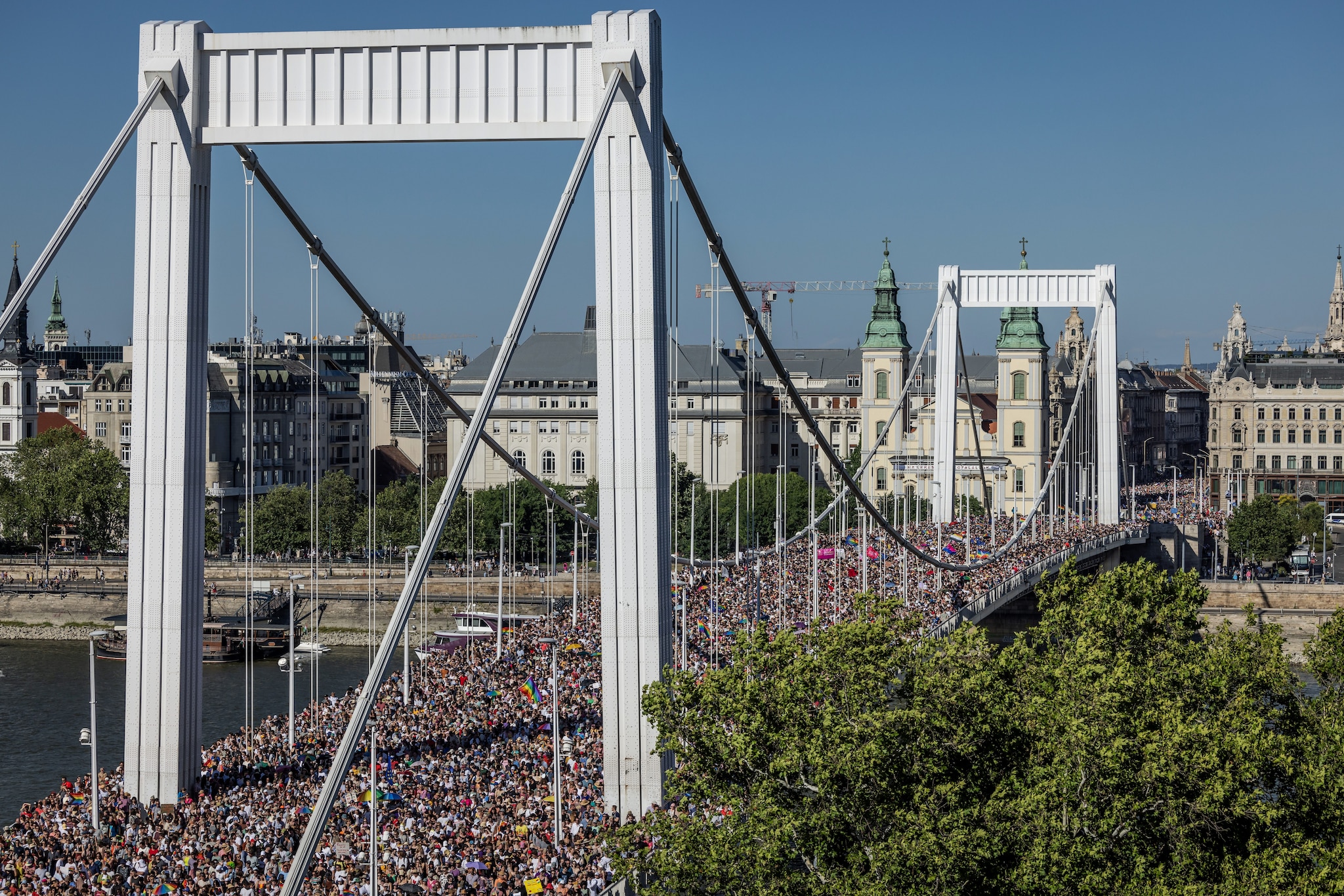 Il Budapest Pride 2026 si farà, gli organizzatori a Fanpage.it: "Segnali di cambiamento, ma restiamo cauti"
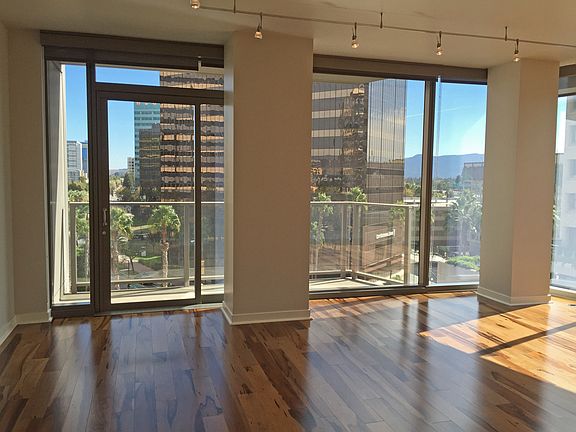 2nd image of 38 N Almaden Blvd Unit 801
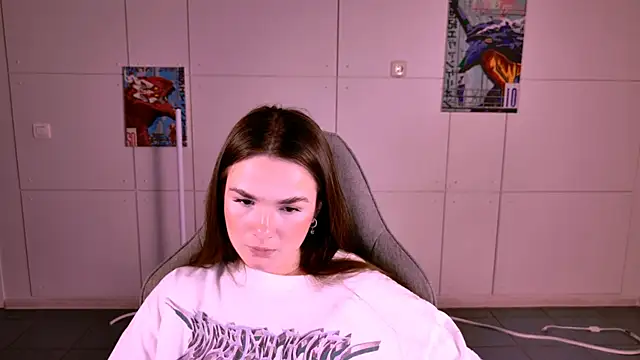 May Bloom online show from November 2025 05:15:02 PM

=-=-=-=-=

### What you need to do:
Copy every line of the data exactly as written, excluding the pictures.

### Expected answer:
 Il Budapest Pride 2026 si farà, gli organizzatori a Fanpage.it: "Segnali di cambiamento, ma restiamo cauti"
 2nd image of 38 N Almaden Blvd Unit 801
 May Bloom online show from November 2025 05:15:02 PM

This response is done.